Despite higher downside risk to growth due to recent containment measures, the marginal impact to the economy is expected to decrease as Malaysia moves through each phase of the NRP, particularly as more economic and social sectors reopen, and various sectors have adapted well to operating remotely by embracing digital technology. As such, the overall impact to the economy is expected to be less severe compared to the Movement Control Order (MCO) 1.0 implemented in March 2020.

Moving forward, Malaysia’s economy is expected to gradually recover as the National COVID-19 Immunisation Programme gains pace, and the NRP thresholds are met for a broader reopening of economic and social activities. So far Malaysia has administered an average of 160,000 doses per day, which is expected to increase to 400,000 doses per day in August 2021. At this rate, 60% of the population are expected to be fully inoculated by end-October this year.

Other factors that will drive Malaysia’s economic recovery include improving external demand from major trading partners, along with a diversified economy and implementation of infrastructure projects with high multiplier impact. Notably, S&P has acknowledged that Malaysia’s mature electrical and electronics (E&E) manufacturing sector is well-positioned to benefit from a global surge in demand and the global tech upcycle, supporting exports for the next one to two years. The Government’s policy in encouraging digitalisation and technological adoption is also set to boost Malaysia’s longerterm economic prospects and resilience. Additionally, the Twelfth Malaysian Plan (2021 – 2025) will provide a blueprint for sustainable growth, aimed at strengthening socio-economic inclusivity, and environmental sustainability.

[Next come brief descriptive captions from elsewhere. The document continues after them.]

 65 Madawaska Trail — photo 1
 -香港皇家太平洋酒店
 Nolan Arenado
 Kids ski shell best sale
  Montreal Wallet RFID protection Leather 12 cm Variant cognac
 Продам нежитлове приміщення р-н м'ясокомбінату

The Government remains committed to the country’s medium-term fiscal consolidation and sustainability. Over the past decade, the fiscal deficit was successfully reduced from 6.7% (2009) to 3.4% (2019) of GDP. Guided by the Medium-Term Fiscal Framework, the estimated fiscal deficit of 6% this year is expected to decrease to an average of 4.5% between 2021 and 2023, based on the assumption of higher crude oil prices, as well as the reduced requirement for pandemic-related fiscal support. This will also be supported by the gradual implementation of the Medium-Term Revenue Strategy which aims to enhance and diversify the country’s revenue base. To this end, Malaysia is also formulating the Fiscal Responsibility Act to improve fiscal prudence, governance and transparency based on global best practices.

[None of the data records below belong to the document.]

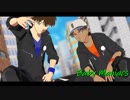 【MMDコナン】Baby Maniacs【東西名探偵】
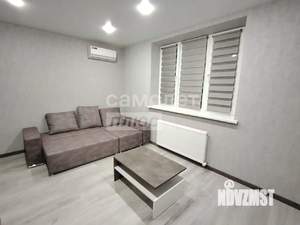 2-к квартира, на длительный срок, 59м2, 15/18 этаж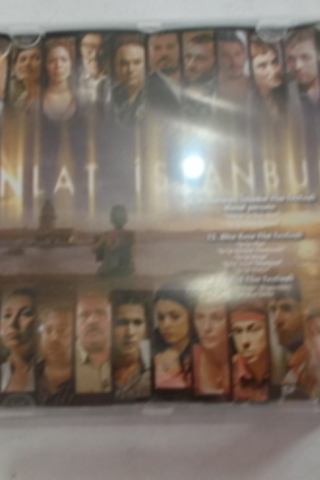 Anlat İstanbul / Film Cd'si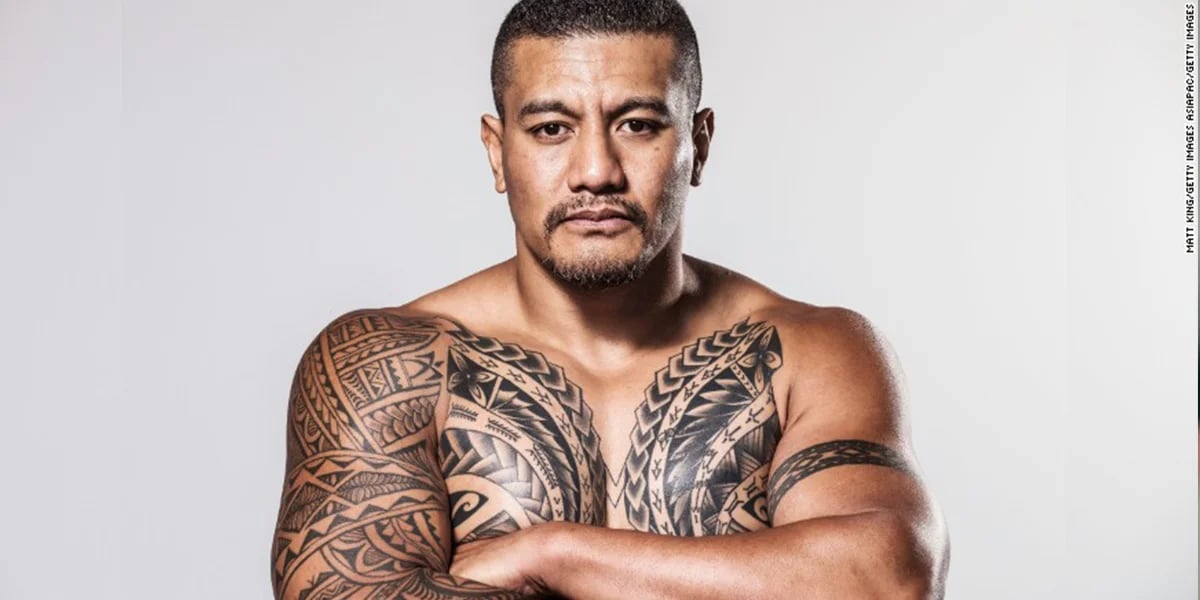 Soa Palelei, speaker in WA, photo 2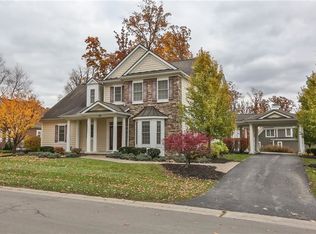 23 Highland Grn, Victor, NY 14564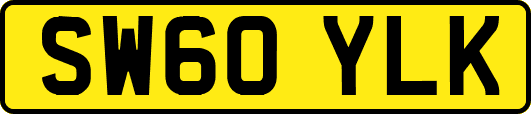 SW60YLK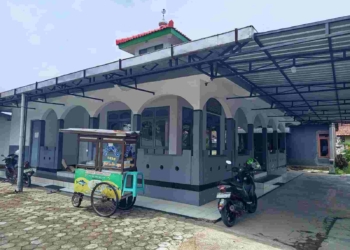 Peradi SAI Purwokerto Hidupkan Mushola Al Ardhli Purbalingga dengan Ruang Hijau dan Akses Internet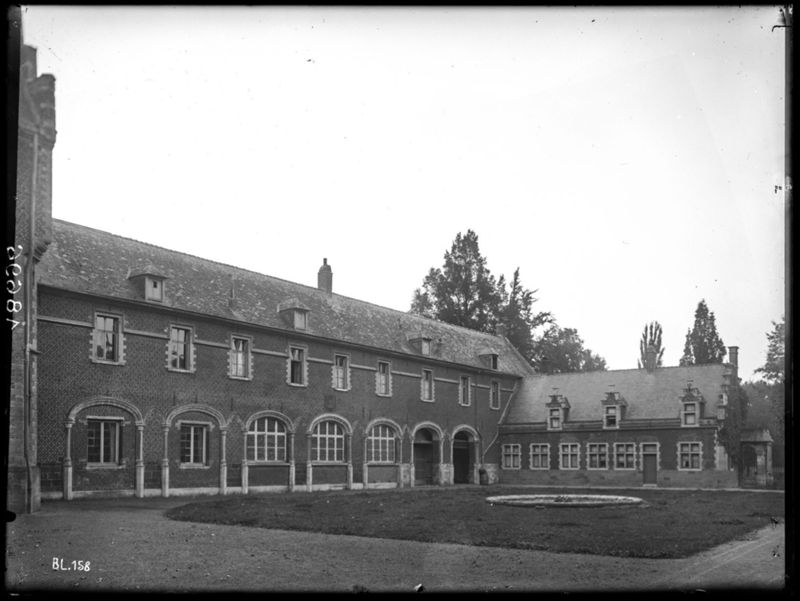 Arenberg
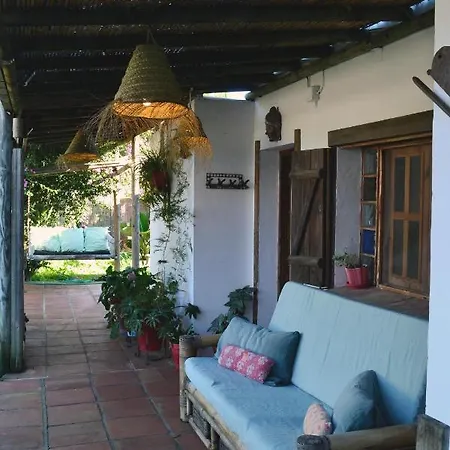 Casa Inma * Vejer de la Frontera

Solidifying Malaysia's rating strength is its strong credit standing, supported by a resilient external position and well-developed domestic bond market. Malaysia has consistently registered a current account surplus over the past two decades with its largest ever trade surplus of RM184.8 billion in 2020, equivalent to 4.2% of GDP. This is further supported by adequate international reserves, large external assets held by banks and corporates, as well as net foreign currency external asset position of RM1.1 trillion or 77.0% of GDP as at end-March 2021. Together with a floating foreign-exchange regime, these factors underpin Malaysia’s ability to withstand external shocks. Reinforcing Malaysia’s external resilience is its highly liquid and deep domestic bond market, with healthy external demand for its sovereign debt. Moreover, Malaysia’s retention in the FTSE Russell’s World Government Bond Index is testimony to its well-developed capital market, as well as strong macroeconomic fundamentals and resilience.

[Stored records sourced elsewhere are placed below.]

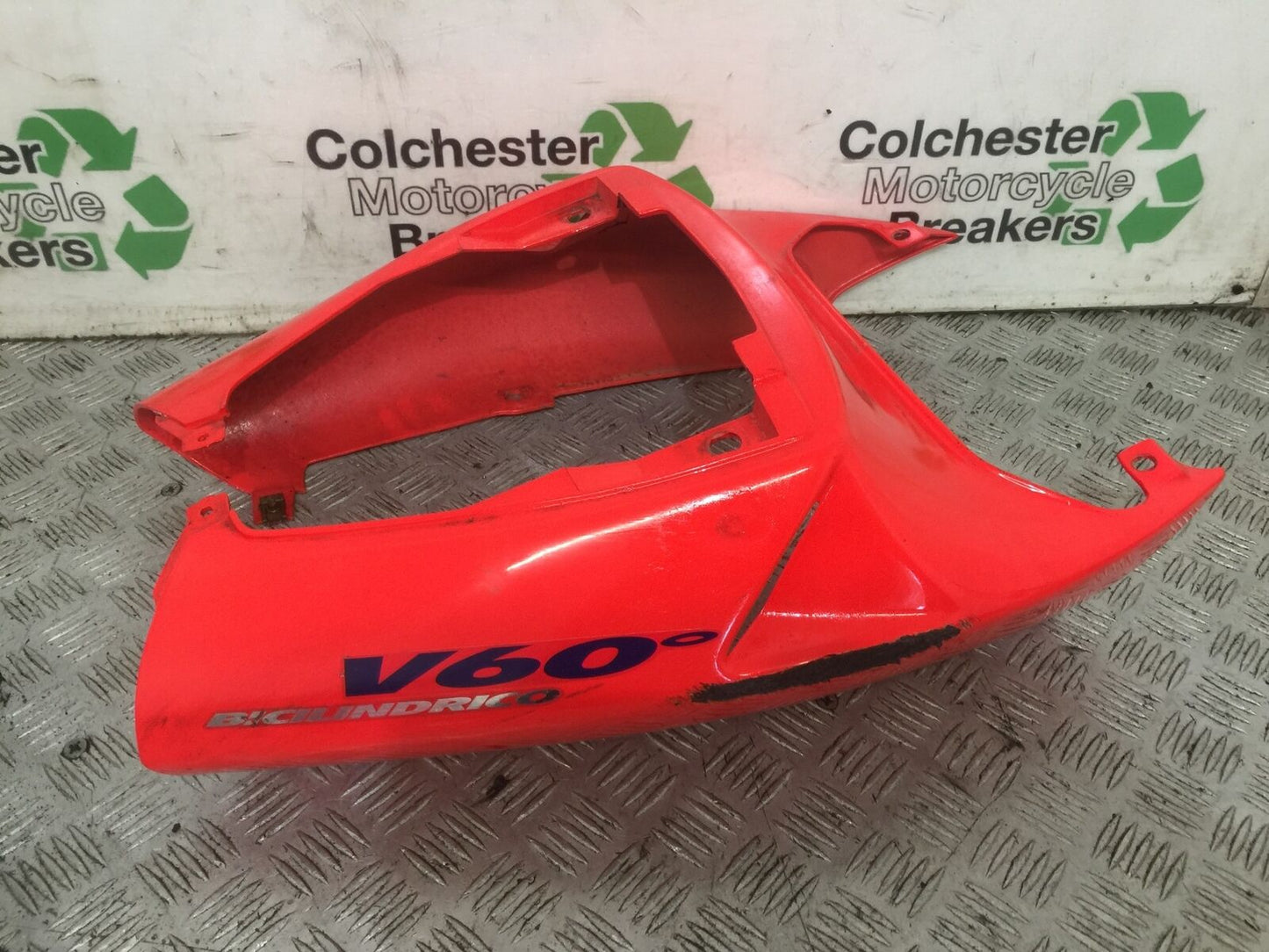 APRILIA RSV1000 RSV 1000 TAIL PIECE   YEAR 1999 2000 (STOCK 770)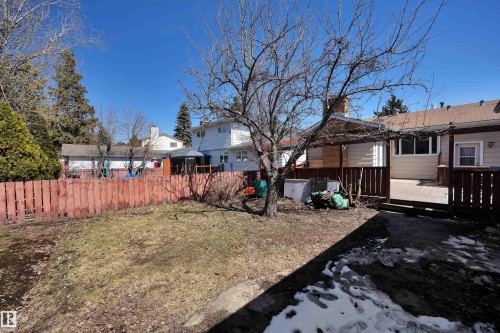 7414 183A Street, Edmonton, AB - Outdoor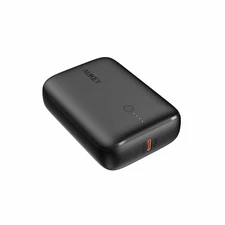 AUKEY 10,000mAh 18W Fast Charging Power Bank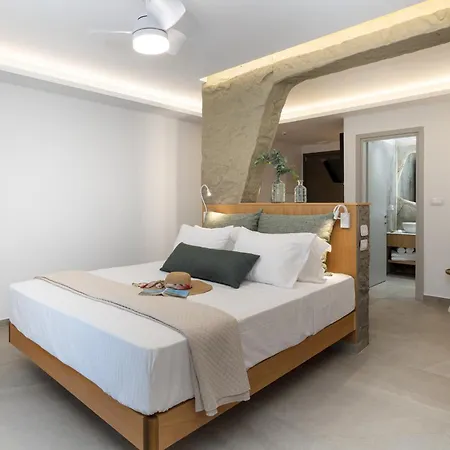 Axopetra Boutique 3*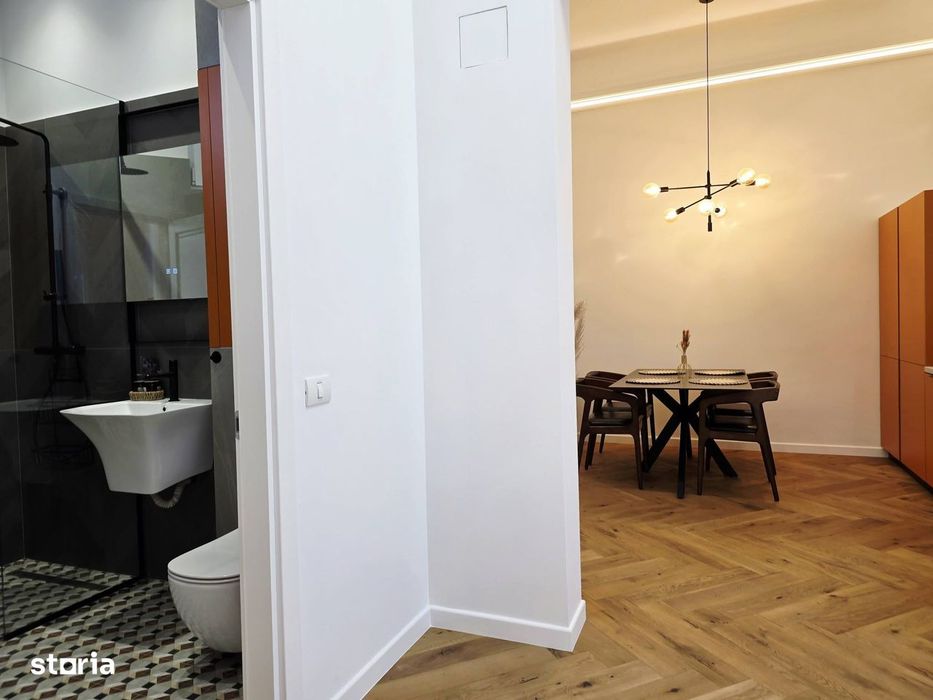 Închiriem apartament exclusivist,  ultracentral,  Vasile Alecsandri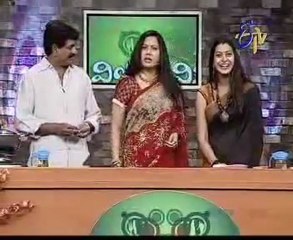 Beautiful Actress - Hema - Sivaji Raja & Surekha Vani @ Vindhu Vinodam - 01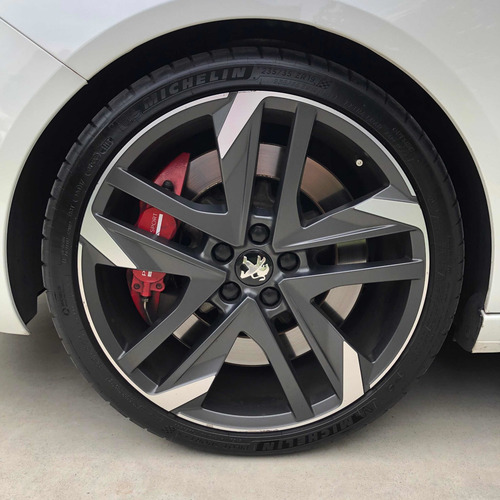 Peugeot 308 1.6 S Gti Coupe Franche 2017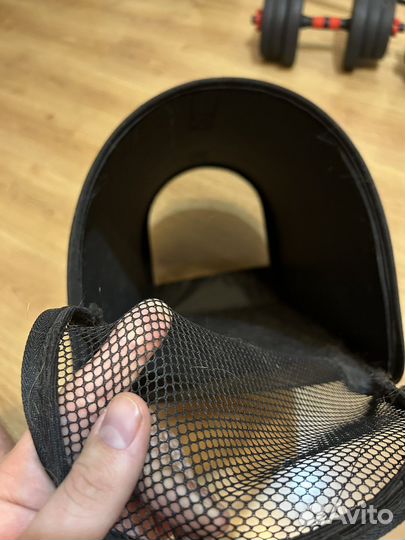 Переноска для животных бу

Overall, the Government's current priority is to protect lives from the threat of COVID-19 and ensure the country’s economic growth prospects remain strong in the medium to longer term, guided by the NRP and the principles of prudent financial management. Enhanced efforts towards fiscal consolidation measures will be implemented in phases in the medium to longer-term, when the economy shows further signs of recovery. This will balance short-term fiscal requirements with long-term fiscal and economic sustainability. The Government will continue to respond strategically, proactively and decisively under this challenging COVID-19 environment, while also ensuring that permanent economic scarring from the pandemic is minimised.